▶ **What you are asked to do**
Copy the entries below exactly, but only from the line containing "福岡市政だより2019年11月1日号の4面から7面の紙面画像" through the final line.
The data START
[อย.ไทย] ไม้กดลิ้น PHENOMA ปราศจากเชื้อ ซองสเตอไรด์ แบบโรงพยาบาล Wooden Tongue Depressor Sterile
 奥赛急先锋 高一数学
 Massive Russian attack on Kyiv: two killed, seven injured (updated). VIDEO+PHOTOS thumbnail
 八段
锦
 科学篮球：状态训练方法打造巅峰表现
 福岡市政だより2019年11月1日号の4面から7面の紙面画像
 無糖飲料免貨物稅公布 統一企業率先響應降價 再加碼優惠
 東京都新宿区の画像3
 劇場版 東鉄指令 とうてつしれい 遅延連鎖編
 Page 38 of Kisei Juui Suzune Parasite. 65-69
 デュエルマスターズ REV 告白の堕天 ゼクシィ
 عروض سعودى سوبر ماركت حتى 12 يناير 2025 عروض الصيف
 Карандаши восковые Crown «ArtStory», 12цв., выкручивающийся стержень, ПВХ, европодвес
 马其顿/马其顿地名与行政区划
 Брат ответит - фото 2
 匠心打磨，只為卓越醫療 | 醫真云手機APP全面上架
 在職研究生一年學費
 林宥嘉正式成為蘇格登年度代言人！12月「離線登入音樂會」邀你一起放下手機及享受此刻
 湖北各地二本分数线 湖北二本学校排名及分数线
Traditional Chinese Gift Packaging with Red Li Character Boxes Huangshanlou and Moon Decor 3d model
The data END
▶ **Result of this task**
 福岡市政だより2019年11月1日号の4面から7面の紙面画像
 無糖飲料免貨物稅公布 統一企業率先響應降價 再加碼優惠
 東京都新宿区の画像3
 劇場版 東鉄指令 とうてつしれい 遅延連鎖編
 Page 38 of Kisei Juui Suzune Parasite. 65-69
 デュエルマスターズ REV 告白の堕天 ゼクシィ
 عروض سعودى سوبر ماركت حتى 12 يناير 2025 عروض الصيف
 Карандаши восковые Crown «ArtStory», 12цв., выкручивающийся стержень, ПВХ, европодвес
 马其顿/马其顿地名与行政区划
 Брат ответит - фото 2
 匠心打磨，只為卓越醫療 | 醫真云手機APP全面上架
 在職研究生一年學費
 林宥嘉正式成為蘇格登年度代言人！12月「離線登入音樂會」邀你一起放下手機及享受此刻
 湖北各地二本分数线 湖北二本学校排名及分数线
Traditional Chinese Gift Packaging with Red Li Character Boxes Huangshanlou and Moon Decor 3d model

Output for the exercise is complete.